Es lo que se piensa en la actualidad por parte de muchos españoles y de muchos colectivos que ya plantean esta necesidad como una prioridad absoluta, impuesta por una crisis que ha servido, también, para poner de manifiesto las carencias y precariedades de la partitocracia, más que democracia, que impera en el país. Al partido único le sustituyó el feroz bipartidismo sin apenas fisuras que rige en la España a la deriva de las autonomías, un modelo de Estado prácticamente inviable, insostenible de todo punto, y que exige meter la tijera con la misma rotundidad con que el Gobierno aplica los recortes sobre las capas sociales más débiles e indefensas mientras mantiene los privilegios de la clase política.

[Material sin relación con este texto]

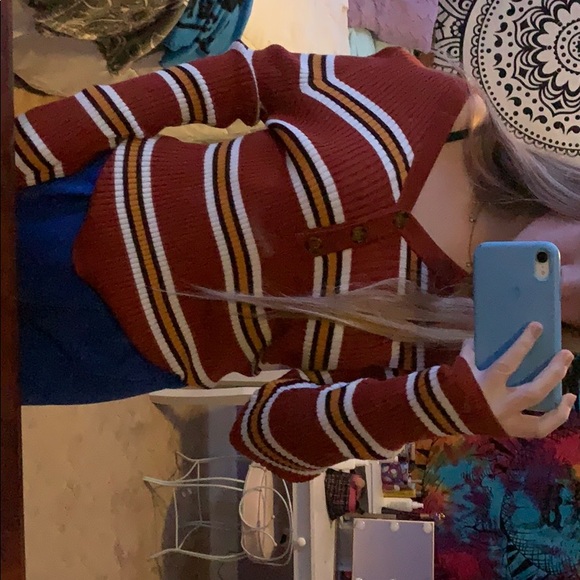Striped sweater - Picture 2 of 3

Habrá que esperar a ver en qué queda la reforma de las administraciones, pues parece que Bruselas presiona sobre este aspecto tanto como sobre el ahorro y la austeridad. Porque lo que se anuncia hasta la fecha bien poco representa, sea la disminución del número de concejales o de parlamentarios autonómicos, una medida que, además, beneficia a los dos grandes, PP y PSOE, en detrimento una vez más de los partidos minoritarios. Pero lo que la gente se teme es lo de siempre, que sus reivindicaciones queden en nada -ni listas abiertas, ni supresión del Senado, ni reducción drástica del Congreso y de las autonomías?- y si se cambia algo será muy poco, para que todo siga lo mismo, con lo que tan bien les va.

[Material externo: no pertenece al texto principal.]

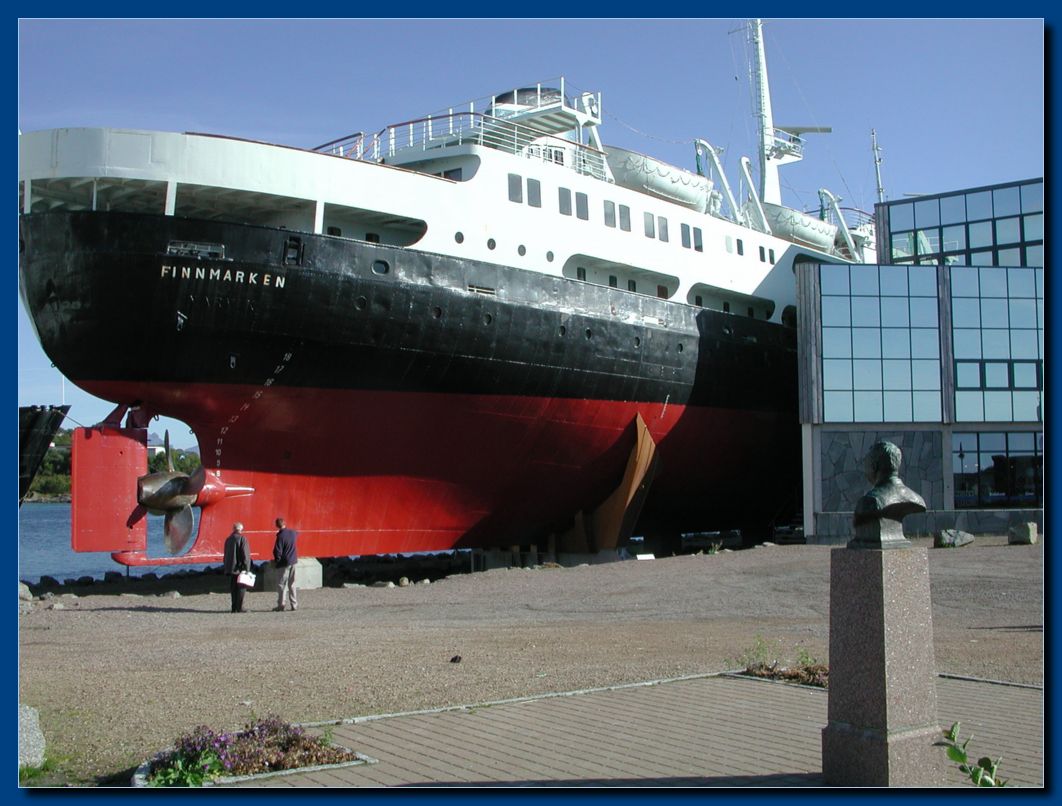 Stokmarknes HURTIGRUTEN Museum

El clamor social se hace mayor cada día que pasa. La ciudadanía había puesto quizá sus últimas ilusiones en llevar a La Moncloa al PP para ver si era capaz de acabar con la crisis. No es así, sino todo lo contrario, y la decepción y la indignación son ahora totales. Mientras, y pese al leve respiro de la bolsa y de la prima de riesgo, el país sigue situado al borde del abismo, sin que parezca existir otra solución que el rescate europeo. Algo que se pagaría muy caro -por parte de los de siempre, ya bastante apaleados- y que encima no resolvería el agravado problema, que ahí está el triste ejemplo de Grecia. A grandes males, grandes remedios, dice el refrán español, pero no parece Rajoy capaz de aplicarlos.